> _Work request_
Give every entry again, exactly.

Scraped caption text data
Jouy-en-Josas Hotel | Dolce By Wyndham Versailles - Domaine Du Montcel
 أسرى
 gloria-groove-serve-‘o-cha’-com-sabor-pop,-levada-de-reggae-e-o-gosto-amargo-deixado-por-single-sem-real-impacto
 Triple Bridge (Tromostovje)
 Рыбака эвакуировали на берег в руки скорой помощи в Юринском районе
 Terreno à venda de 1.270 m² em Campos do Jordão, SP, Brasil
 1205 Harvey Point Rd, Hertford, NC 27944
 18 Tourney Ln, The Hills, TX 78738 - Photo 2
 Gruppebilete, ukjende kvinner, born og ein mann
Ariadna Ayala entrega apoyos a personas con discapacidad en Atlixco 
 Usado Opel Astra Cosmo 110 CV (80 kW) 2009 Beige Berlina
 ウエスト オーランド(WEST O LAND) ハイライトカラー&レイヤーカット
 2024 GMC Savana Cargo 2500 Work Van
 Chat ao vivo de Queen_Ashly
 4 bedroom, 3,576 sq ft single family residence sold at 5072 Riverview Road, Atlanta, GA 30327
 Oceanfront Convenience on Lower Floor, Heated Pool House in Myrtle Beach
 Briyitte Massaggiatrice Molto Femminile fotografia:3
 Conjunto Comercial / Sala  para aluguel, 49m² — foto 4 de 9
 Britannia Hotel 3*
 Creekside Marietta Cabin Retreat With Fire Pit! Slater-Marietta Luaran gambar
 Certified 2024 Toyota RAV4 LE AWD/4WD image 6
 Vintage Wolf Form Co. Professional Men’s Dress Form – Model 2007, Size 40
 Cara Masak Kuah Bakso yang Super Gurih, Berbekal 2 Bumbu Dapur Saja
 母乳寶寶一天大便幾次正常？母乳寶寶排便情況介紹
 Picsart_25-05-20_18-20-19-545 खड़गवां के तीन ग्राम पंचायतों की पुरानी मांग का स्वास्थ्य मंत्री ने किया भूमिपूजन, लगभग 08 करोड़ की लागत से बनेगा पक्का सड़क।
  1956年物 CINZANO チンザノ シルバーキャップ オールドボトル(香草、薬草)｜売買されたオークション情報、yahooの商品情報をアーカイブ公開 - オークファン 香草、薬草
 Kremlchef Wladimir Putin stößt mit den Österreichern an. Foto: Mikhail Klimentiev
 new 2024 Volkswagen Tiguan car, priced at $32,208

> _Exercise result_
Jouy-en-Josas Hotel | Dolce By Wyndham Versailles - Domaine Du Montcel
 أسرى
 gloria-groove-serve-‘o-cha’-com-sabor-pop,-levada-de-reggae-e-o-gosto-amargo-deixado-por-single-sem-real-impacto
 Triple Bridge (Tromostovje)
 Рыбака эвакуировали на берег в руки скорой помощи в Юринском районе
 Terreno à venda de 1.270 m² em Campos do Jordão, SP, Brasil
 1205 Harvey Point Rd, Hertford, NC 27944
 18 Tourney Ln, The Hills, TX 78738 - Photo 2
 Gruppebilete, ukjende kvinner, born og ein mann
Ariadna Ayala entrega apoyos a personas con discapacidad en Atlixco 
 Usado Opel Astra Cosmo 110 CV (80 kW) 2009 Beige Berlina
 ウエスト オーランド(WEST O LAND) ハイライトカラー&レイヤーカット
 2024 GMC Savana Cargo 2500 Work Van
 Chat ao vivo de Queen_Ashly
 4 bedroom, 3,576 sq ft single family residence sold at 5072 Riverview Road, Atlanta, GA 30327
 Oceanfront Convenience on Lower Floor, Heated Pool House in Myrtle Beach
 Briyitte Massaggiatrice Molto Femminile fotografia:3
 Conjunto Comercial / Sala  para aluguel, 49m² — foto 4 de 9
 Britannia Hotel 3*
 Creekside Marietta Cabin Retreat With Fire Pit! Slater-Marietta Luaran gambar
 Certified 2024 Toyota RAV4 LE AWD/4WD image 6
 Vintage Wolf Form Co. Professional Men’s Dress Form – Model 2007, Size 40
 Cara Masak Kuah Bakso yang Super Gurih, Berbekal 2 Bumbu Dapur Saja
 母乳寶寶一天大便幾次正常？母乳寶寶排便情況介紹
 Picsart_25-05-20_18-20-19-545 खड़गवां के तीन ग्राम पंचायतों की पुरानी मांग का स्वास्थ्य मंत्री ने किया भूमिपूजन, लगभग 08 करोड़ की लागत से बनेगा पक्का सड़क।
  1956年物 CINZANO チンザノ シルバーキャップ オールドボトル(香草、薬草)｜売買されたオークション情報、yahooの商品情報をアーカイブ公開 - オークファン 香草、薬草
 Kremlchef Wladimir Putin stößt mit den Österreichern an. Foto: Mikhail Klimentiev
 new 2024 Volkswagen Tiguan car, priced at $32,208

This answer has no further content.